« Vous vous réveillez un matin. Vous êtes noire. » Un journaliste lui téléphone pour l’inviter « à témoigner dans mon émission de radio du racisme anti-Noirs dont vous êtes victime. » Après un réveil brumeux, noire vraiment ? Son père, haïtien, l’était. Sa mère était de couleurs laiteuses. Elle se regarde dans le miroir de la salle de bains : ses cheveux sont raides, sa peau est jaune grisâtre. « Vous n’êtes pas vraiment noire. (…) vous ne pouvez pas dénoncer la méprise.» Et Haïti ? Elle n’y était jamais allée. Sa grand-mère étant morte, l’île n’est plus une destination, ni son origine. Elle n’en avait plus rien à faire. Et d’être vue comme noire ou blanche ? Le lendemain, la confusion inonde sa réflexion. Elle retient que le noir n’est pas une couleur, mais le résultat de l’absorption des rayons qui atteignent la Terre. Elle préfère être noire, plutôt qu’être ennuyée par la banalité d’être blanche. Ce n’est pas facile avec la langue française qui s’apparente au masculin blanc en se déclarant neutre. Le lendemain, l’auteure rejoint l’Institut géographique pour assister au cours Haïti, risques et catastrophes, cours donné par son oncle. Tandis que d’autres étudiants parlent fièrement de leurs voyages récents en Haïti, elle se sent honteuse et se définit comme « une crasse, une coquille vide. ». Et se rend compte que « le noir n’est pas une couleur , c’est un engagement. » comme le montre le meilleur livre sur le racisme, La prochaine fois, le feu, de l’écrivain noir-américain James Baldwin (1924 – 1987).

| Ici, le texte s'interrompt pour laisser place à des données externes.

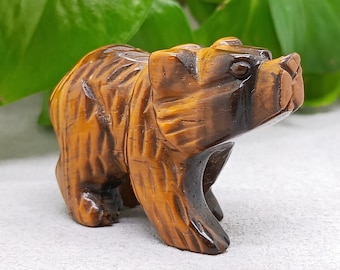 2'' Natural Hand carved Tiger's Eye Bear，quartz crystal，Crystal bear，Crystal decor，Christmas gift ，Crystal ornament,Crystal healing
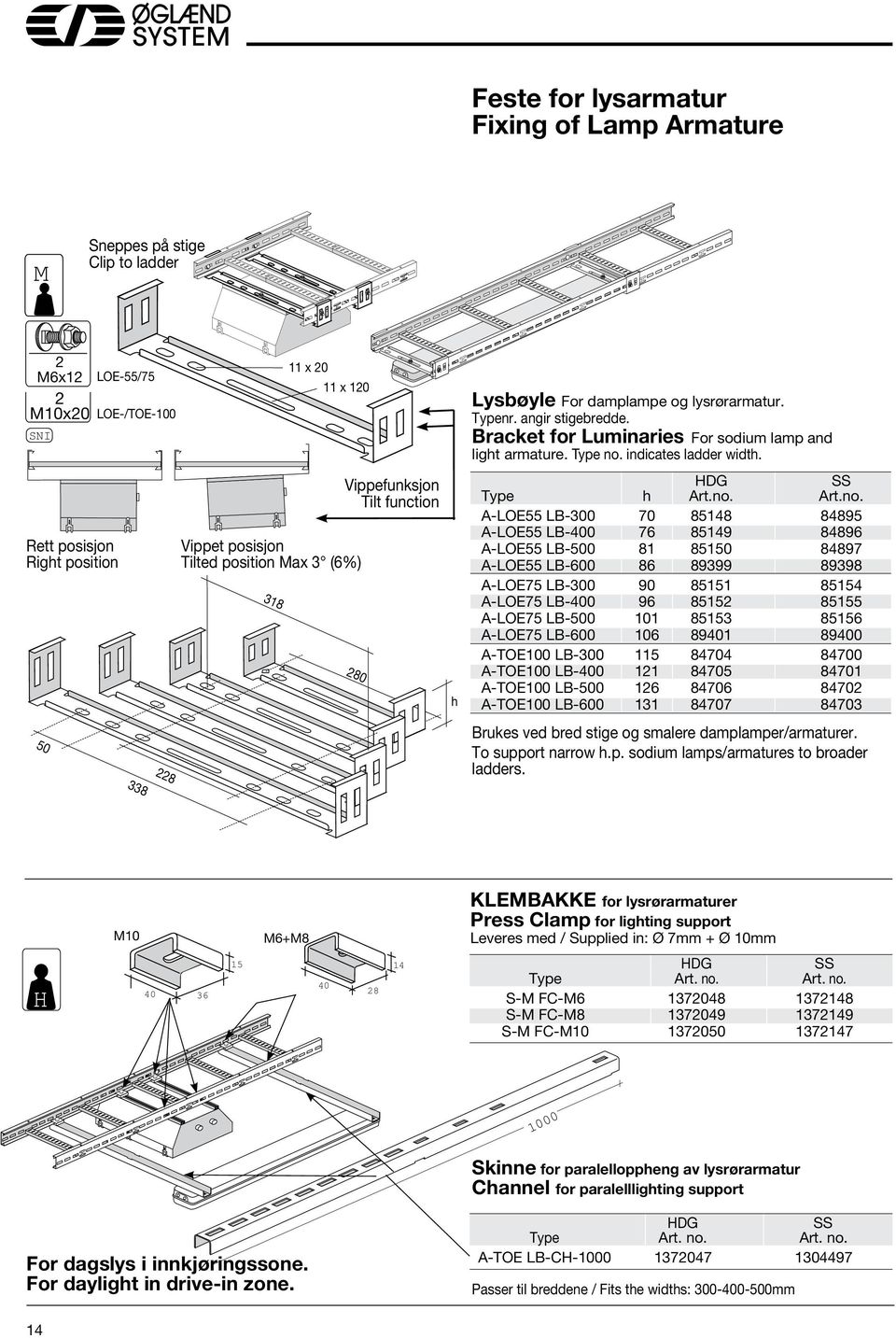 indicates ladder width. Type h Art.no.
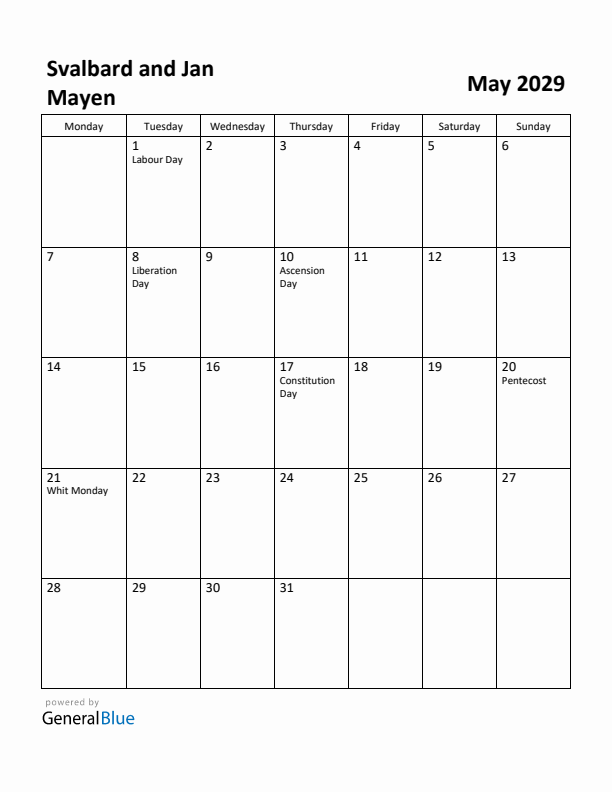 May 2029 Calendar with Svalbard and Jan Mayen Holidays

Noire ou pas noire ? Quels sont les regards posés sur elle, alors que sa peau est d’un jaune grisâtre et ses cheveux, lissés au fer ? Est-elle haïtienne ? française ? Où se loger dans une case bien précise ? A l’intérieur du minuscule Haïti Grand Market en plein Paris, elle trouve enfin du rhum Barbancourt, qu’elle consomme avec modération, et dont elle garde la bouteille « objet de ce qui existe de plus haïtien. » Invitée à participer au tournage d’une émission télévisée, on lui demande « Pour vous, c’est quoi la discrimination ? » De quelle culture se sent elle la plus proche ? Comment les autres la regardent-t-elle ? Dans un bus, un homme refuse de la voir comme une noire car elle ne reflète pas la misère.

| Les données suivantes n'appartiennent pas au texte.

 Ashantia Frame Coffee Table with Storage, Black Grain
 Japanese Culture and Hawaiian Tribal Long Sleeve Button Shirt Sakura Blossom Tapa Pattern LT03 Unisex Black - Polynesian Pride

Au hasard de quelques expériences, le plus souvent non volontaires, elle est à la recherche d’une identité perdue, mais laquelle ? Comment identifier son origine avec des grands-parents maternels italiens et un grand-père paternel né au Maroc ? Lors d’un voyage à Miami, elle est arrêtée par deux flics qui lui tendent un formulaire qui s’enquiert de sa race, elle coche « other », réponse qui lui ouvre les portes de la liberté (…). « Le génie, c’est sa grand-mère, haïtienne, Ima ». A la radio, un écrivain haïtien (Dany Laferrière ??) témoigne de l’écriture de l’exil, de son exil au Canada, et se demande « comment il a pu habiter une pareille île. Depuis sa création d’exilé maudit, ses livres se vendent par milliers, les journalistes se bousculent pour recueillir son témoignage, c’est un travail d’imagination colossal (…) , c’était du pipeau ». Elle conclut « Noir, exilé, Haïti (…),ce n’est rien et c’est tout à la fois. » Du mythe à la réalité, il n’y a qu’un pas.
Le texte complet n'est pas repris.